The Falcon   |   Volume 83, Issue 52

Published 5/22/13   |   Log In

African-American identity explored

From left to right: Ulf Spears, Timothy Ringering, Dr. Daymond Glenn, Kory Murphy and Eric Knox served as the five panelists in the “Holla If You Hear Me” Tour. The panel explored the idea of what it means to be an African-American male.

From left to right: Ulf Spears, Timothy Ringering, Dr. Daymond Glenn, Kory Murphy and Eric Knox served as the five panelists in the “Holla If You Hear Me” Tour. The panel explored the idea of what it means to be an African-American male.
Photo credit: AVA VAN/The Falcon.

Panelists say storytelling increases understanding

By ALLISON NORTHROP, Sports Writer

Published: April 25, 2012


It is easy to hear a “holla,” but it’s hard to listen, said Timothy Ringering, a panelist at the “Holla If You Hear Me” forum on Tuesday.

The “Holla If You Hear Me” Tour was hosted on Seattle Pacific’s campus as a part of the John Perkins Center Annual Lecture Series: Justice Speaks.

The forum told the story of the African-American male through the blended voices of five African-American men from different backgrounds.

Eric Knox, the moderator of the panel, founded the tour after its success as a panel session at The Justice Conference in February in Portland, Ore.

Giving their sixth forum in the past four days, the five men on the panel aimed to address three questions: Is there a crisis among African-American males, and if so, what are the structures that create the crisis, and what are some of the solutions to the crisis?

The discussion began with Ringering’s perspective. Ringering, a lead pastor at a church in Portland, Ore., said that people look at others and develop a set of beliefs about who they are. This leads to bias and bigotry, he said.

“I think we suffer from racial reductionism,” he said. ” I think we need to readjust our racial orthodoxy. We have a racial theology.”

Each panelist shared experiences and insight from their own unique, personal experiences to answer the three questions the forum posed.

Another panelist member, Dr. Daymond Glenn, vice president for Community Life and chief diversity officer at Warner Pacific College in Portland, Ore., wrote a book titled Critical Condition: Black Males and Multiculturalism in Higher Education.

In his research, he asked young African-American men what it means to be black and what black identity is. He said he got no consistent response.

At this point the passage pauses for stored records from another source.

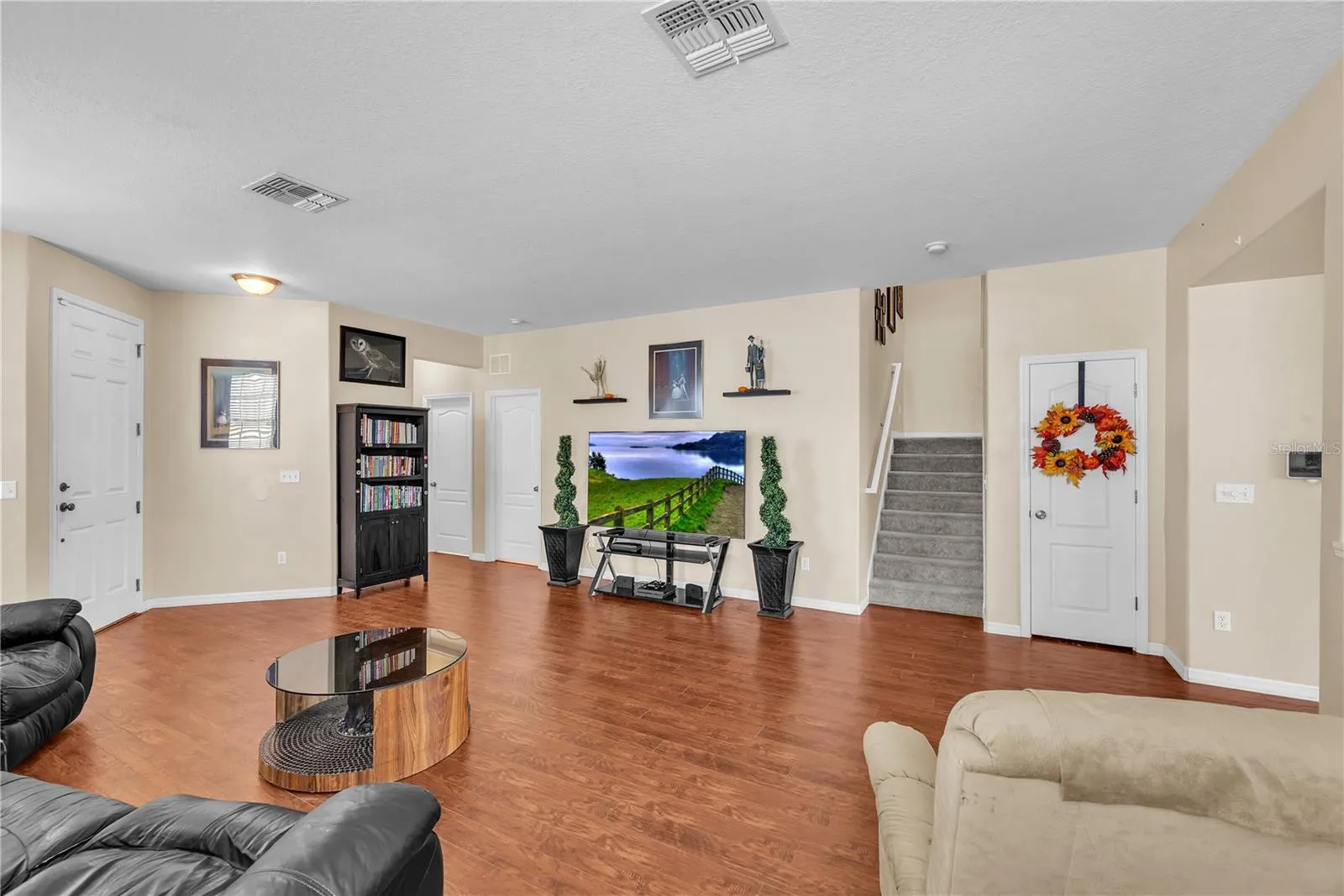 To the left of the TV is a hall leading to a first floor bedroom or flex space and full bathroom.
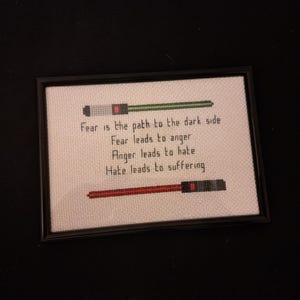 Peut inclure: Broderie au point de croix encadrée en noir. L'œuvre présente des sabres laser verts et rouges et la citation : "La peur est le chemin vers le côté obscur. La peur mène à la colère. La colère mène à la haine. La haine mène à la souffrance."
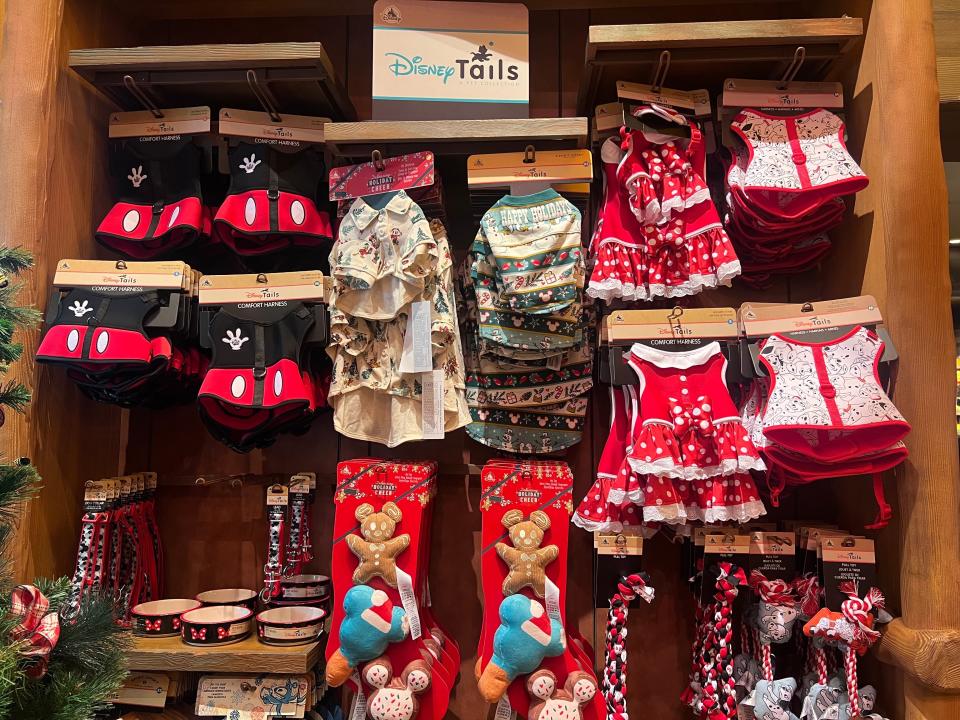 dog toys and dog clothes on shelves at disneyland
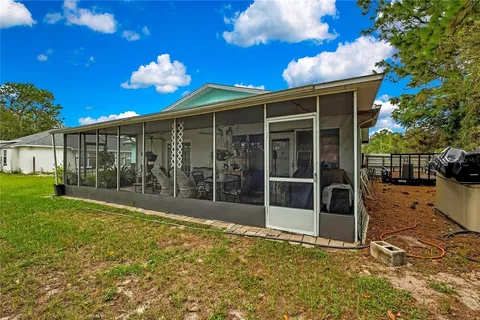 a view of a porch with a backyard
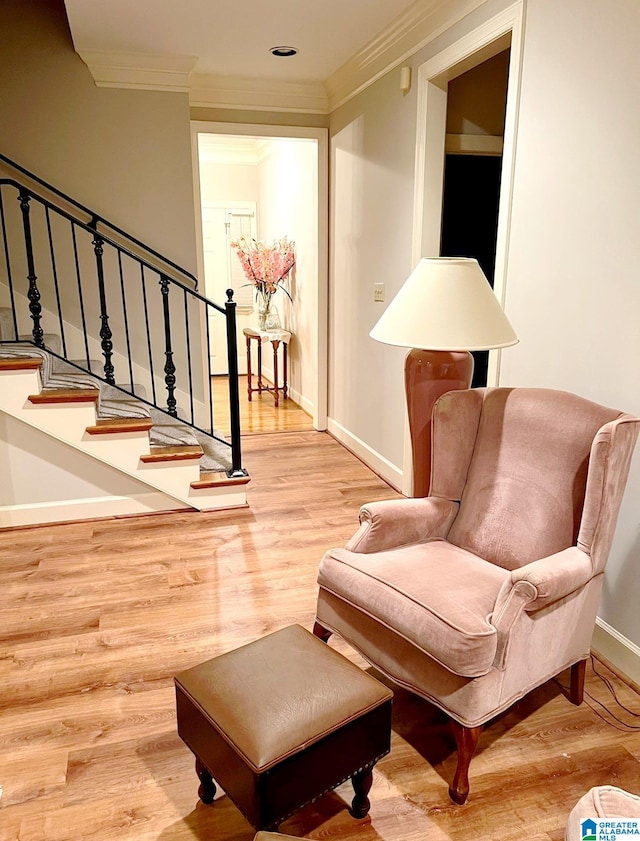 sitting room featuring crown molding and light hardwood / wood-style flooring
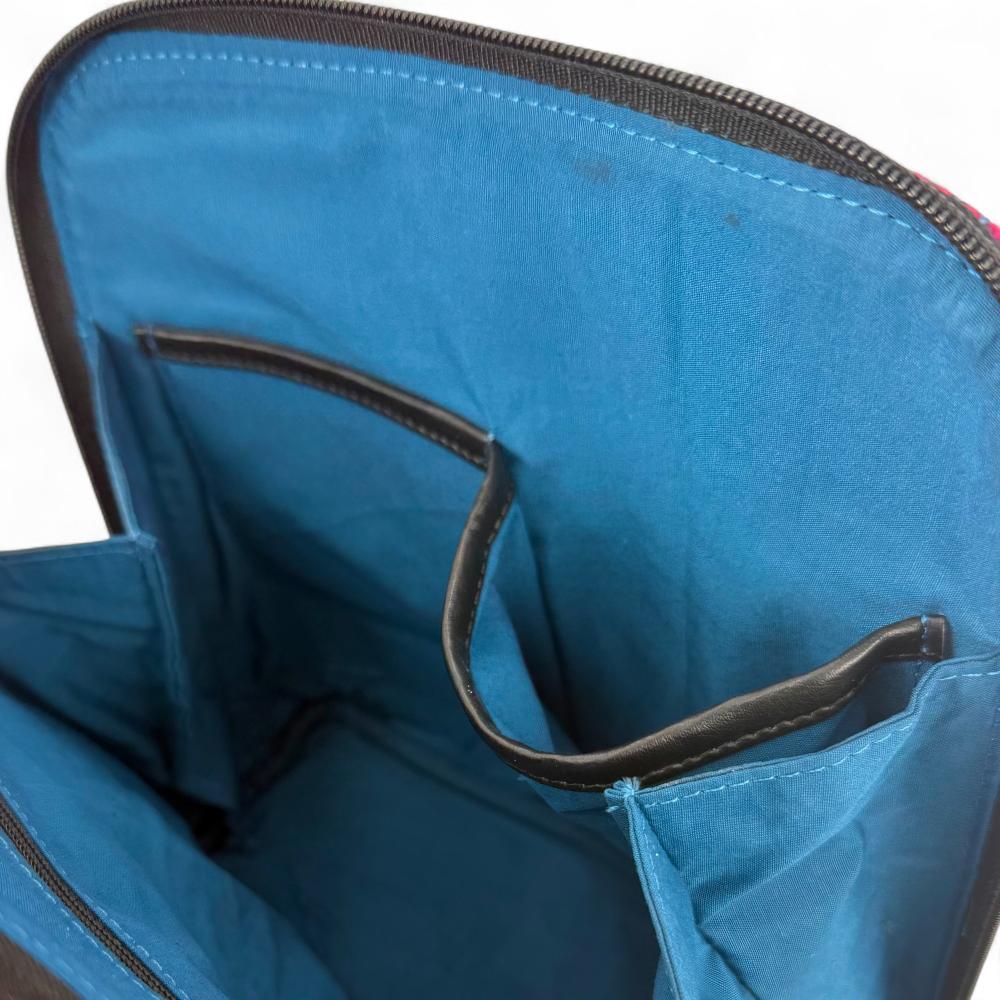 Blue And Pink Check Harris Tweed mini backpack interior showing zip pocket and lining.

However, he said, the social institutions the men said they got their sense of identity from were their schools, the media and their communities.

Dr. Glenn said that in his family, each generation has a different word on their birth certificate for ethnicity and race.

He said that under the race and ethnicity header on his mother’s birth certificate, it says, “colored.” His mother was born in the late 1940s.

On his birth certificate from the early 1970s, his ethnicity is identified as “Negro.”

Born six years after Dr. Glenn, his younger brother has a birth certificate that says “black.”

“I have two boys, a 13-year-old and a 4-year-old, and their birth [certificates say] ‘African-American,’” Dr. Glenn said.

Junior Rebecca Gonzalez said the panel provided a new and valuable perspective.

“I’m studying to be a teacher, and I really want to work in an urban environment,” she said. “I know I will never fully understand where [African-American] students are coming from, but just even getting a small perspective of it and the whole work of reconciliation with others … [is] really inspiring.”

Knox said the key to continuing the conversation is working to understand people’s unique, personal narratives.

“Typically, leaders give empirical evidence, and they try and give anecdotal or prescriptive ways of applying that, whereas Jesus always gave a story,” Knox said. “We’re telling justice through story, and then we bring the data to the story.”

Understanding narratives leads to relationships, Knox said.

“I think the key for you guys continuing this conversation is really working hard at understanding the narrative of people that you want to develop relationships [with],” he said. “It’s not textbook, but relationship – that’s the key. That’s our whole thing.”

Knowing the importance of telling stories prompted the tour and led to its success, Knox said.

“If you want to continue that, get into an environment that makes you uncomfortable until it becomes comfortable,” he said.